Ils vont par paire, et beaucoup d’automobilistes ne savent pas qu’ils sont deux choses différentes :
| Document | Où il vit | Ce qu’il prouve |
|---|---|---|
| L’attestation d’assurance | Tu la gardes | Que le contrat existe pour la période indiquée |
| Le certificat d’assurance | Apposé sur le pare-brise | Que ce véhicule-là est couvert |
Le certificat est une partie détachable de l’attestation. Il doit porter le nom de l’assureur, un numéro identifiant le souscripteur, le numéro d’immatriculation du véhicule et les dates de début et de fin de validité. L’assureur doit le délivrer sans frais, pour chaque véhicule couvert.
Si ton assureur ne peut pas établir ces documents immédiatement, il doit te remettre — sans frais également — une attestation et un certificat provisoires. Sans papier du tout, tu n’as aucune présomption d’assurance à opposer à un contrôle.

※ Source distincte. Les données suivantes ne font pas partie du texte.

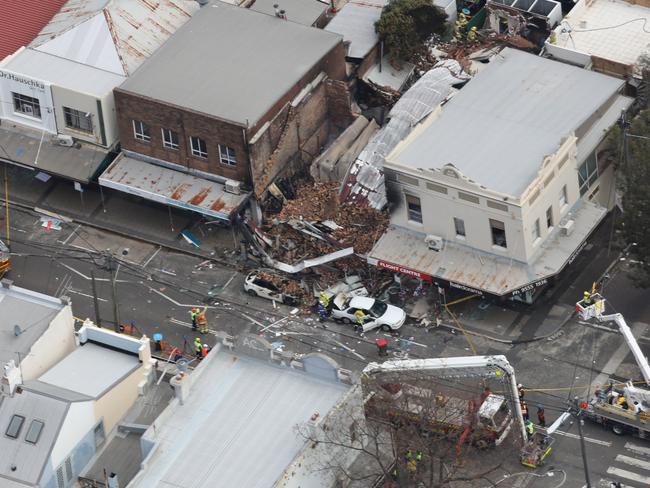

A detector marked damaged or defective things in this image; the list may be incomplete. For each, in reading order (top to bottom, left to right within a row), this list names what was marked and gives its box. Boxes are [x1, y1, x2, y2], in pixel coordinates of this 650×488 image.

Un point souvent mal compris : la présence de ces documents ne signifie pas que l’assureur te garantit en toutes circonstances. Le Code le dit dans ces termes — ils « n’impliquent pas une obligation de garantie de la part de l’assureur ». Une attestation valide et une prime impayée, par exemple, ne font pas bon ménage.
Une dernière chose sur le prix : les assureurs fixent librement leurs tarifs en responsabilité civile automobile, mais ceux-ci doivent être au moins égaux à un tarif minimal approuvé pour chaque État. Un tarif RC très en dessous du marché n’est donc pas une bonne affaire — c’est un signal.
Chaque affirmation de cet article s’appuie sur un texte que tu peux aller lire. Les valeurs légales viennent de notre table de références, pas du texte de l’article.
Information indicative et non contractuelle. Seuls les documents contractuels signés (Conditions Générales et Particulières) font foi. Soleo ne vend pas d’assurance et ne perçoit aucune commission d’un assureur.